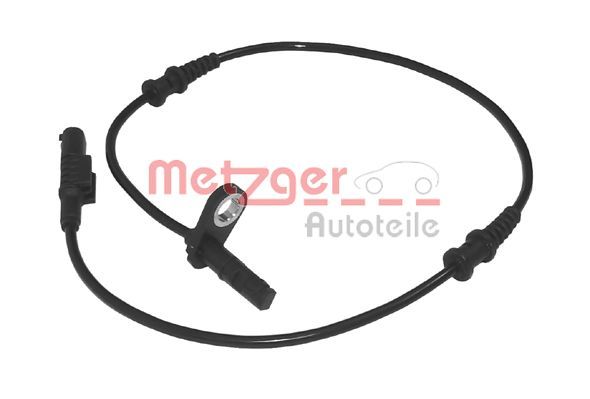 METZGER AUTOTEILE 0900102 Sensor, wheel speed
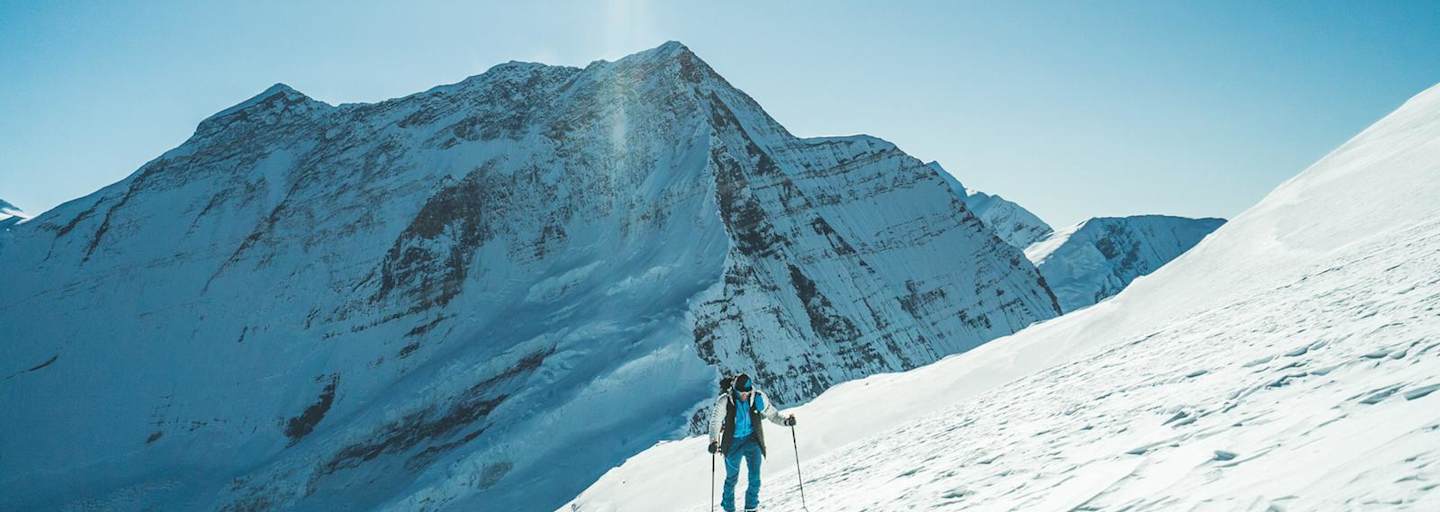 Benedikt Böhm Dhaulagiri VII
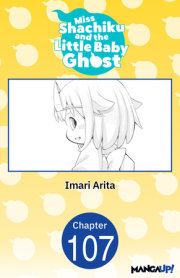 Miss Shachiku and the Little Baby Ghost #107 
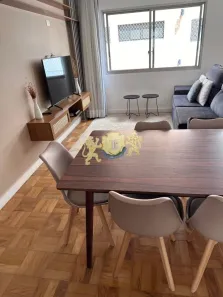 Apartamento com 1 Quarto para alugar, 83m² no Indianópolis, São Paulo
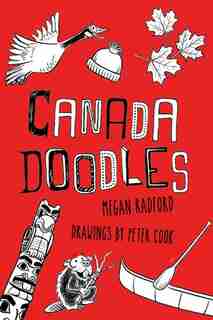 Canada Doodles by Megan Radford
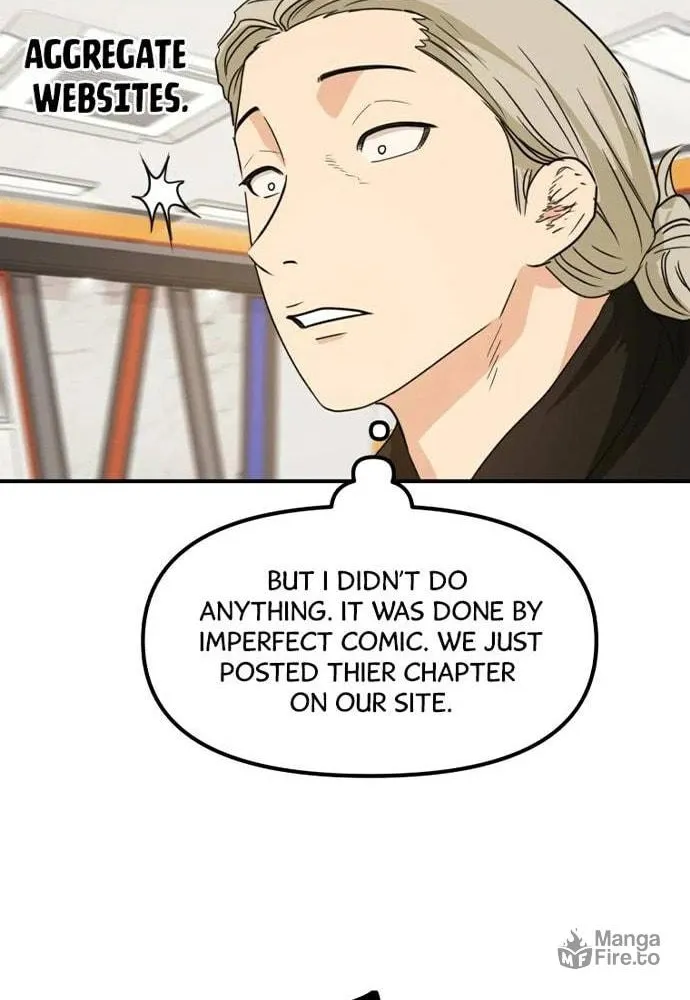 Escort Warrior Chapter 119 page 30 - 
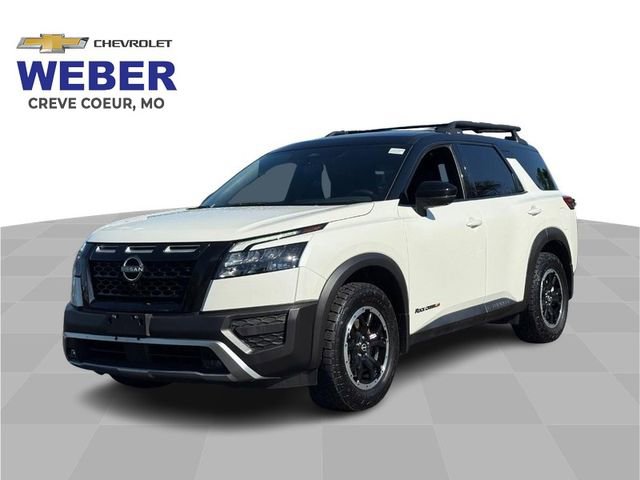 Used 2023 Nissan Pathfinder Rock Creek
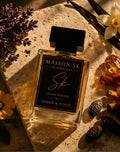 Maison SK — AMBER & WOOD | Inspired by MFK Grand Soir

*Task directions*: Your copy should match the records word for word, with the pictures removed.

*Your solution*:
 METZGER AUTOTEILE 0900102 Sensor, wheel speed
 Benedikt Böhm Dhaulagiri VII
 Miss Shachiku and the Little Baby Ghost #107 
 Apartamento com 1 Quarto para alugar, 83m² no Indianópolis, São Paulo
 Canada Doodles by Megan Radford
 Escort Warrior Chapter 119 page 30 - 
 Used 2023 Nissan Pathfinder Rock Creek
 Maison SK — AMBER & WOOD | Inspired by MFK Grand Soir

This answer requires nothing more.